Sunday, June 28, 2009

Writing Down the Nitty Gritty

You've always got to assume everyone in the English speaking world is going to read your novel. Well and good. You must also make the assumption that your readers will have an intimate knowledge of every place you mention, every intersection, every stretch of road, and the geography, flora, fauna, and all the details you have so carefully harvested in the research you do for your writing.

And the readers will all be critics and they'll be outraged in you don't have the most mundane fact correct.

That's why I made my trip to Florida which probably cost at least a dollar a word. Now my characters are leaving Florida in a motor home, heading up I-95 to Boston. Have I driven this road? Mostly. In a motor home? Never.

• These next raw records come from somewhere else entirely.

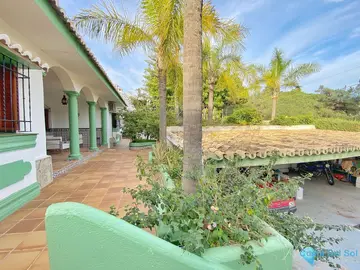 5 bedroom House for Sale in Marbella-31653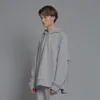 MELANGE GREY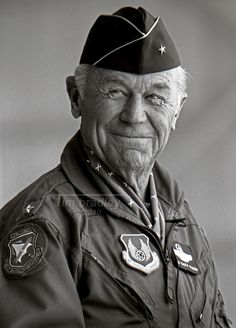 Chuck Yeager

So I'm researching campgrounds like crazy, and all the little travel details of motor home life. We actually went to an RV show a few years ago when we wanted to rent an RV to go to Burning Man (book was Festival Madness, still looking for agent). I had no idea of ever writing another RV book. Shows what I know.

Now, the RV parks are all on the web, with photos and rates and amenties. The RV in question breaks down and I have to research where you can get these suckers fixed. And the distances, so everything makes sense. Jacksonville to Myrtle Beach. Myrtle Beach to Fayetteville, NC. Fayetteville to Philly. Philly to Boston and a huge backup on I-95 around New Haven. O.K., been there, done that.

Because, you see, I need to put the screws to my characters, make them late, make them sweat, make the crazy, so a few things can happen. Man, I've said it before, this plotting is hard work, and all the underpinnings, the towns, the campgrounds, life on the road, it's, well, it's work, so when I thought, I have to get the group from Boca Raton to Boston, that seemed easy enough, but plot points are huge and I better not screw up the versimilitude or the story.

Easier said than done. So we're slowly getting to Boston, one word at a time, and I'm surprised at how hard it is.

Because in a genre novel, every little detail is subservient to the plot and the whole story and of course, the characters, and I've just about forgotten about Lotto, by now in Colombia inspecting his fabulous drug sub kits from Russia. Ah, what a tangled web we weave!